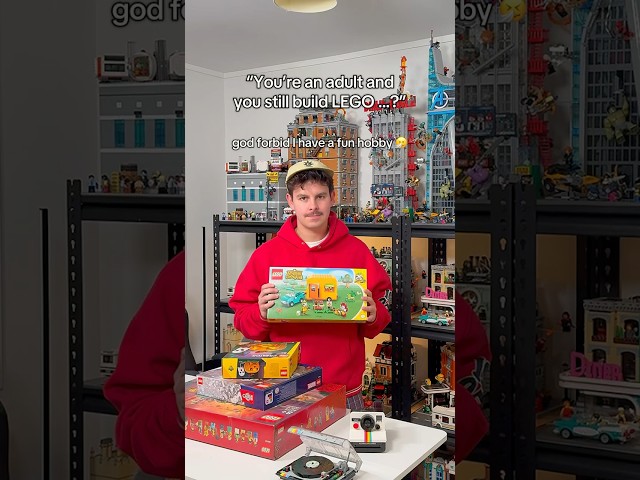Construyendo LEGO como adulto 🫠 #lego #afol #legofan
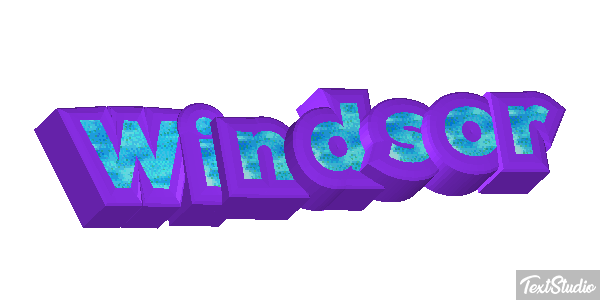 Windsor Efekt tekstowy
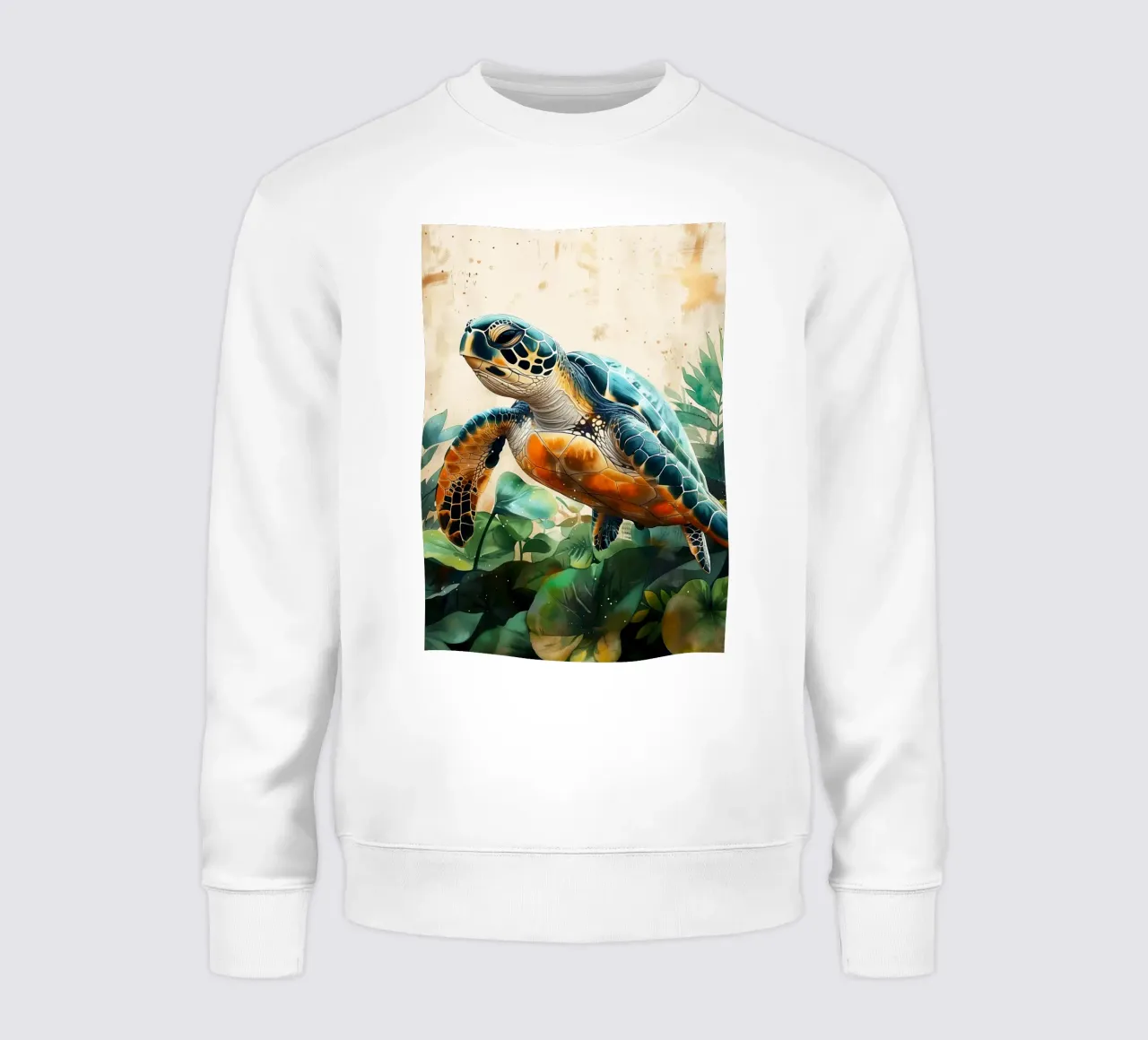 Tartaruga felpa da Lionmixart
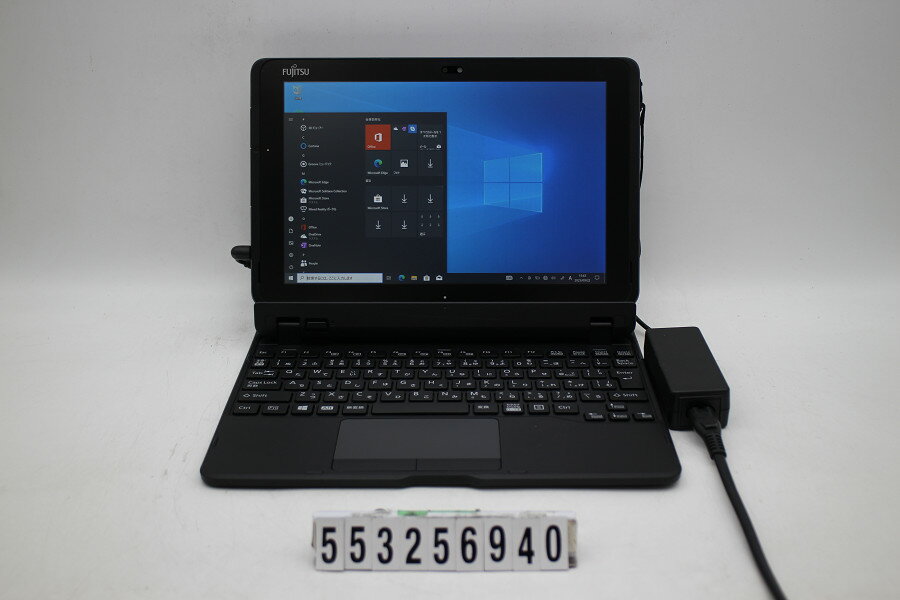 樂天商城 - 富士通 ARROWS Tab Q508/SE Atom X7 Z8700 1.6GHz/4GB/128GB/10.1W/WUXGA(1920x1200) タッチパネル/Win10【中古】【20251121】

#####

## [Problem to work on]
Your task is to restate word for word the lines from the line holding "Tartaruga felpa da Lionmixart" through the final line of the listing, both included, but none of the pictures.

## [Your solution]
 Tartaruga felpa da Lionmixart
 樂天商城 - 富士通 ARROWS Tab Q508/SE Atom X7 Z8700 1.6GHz/4GB/128GB/10.1W/WUXGA(1920x1200) タッチパネル/Win10【中古】【20251121】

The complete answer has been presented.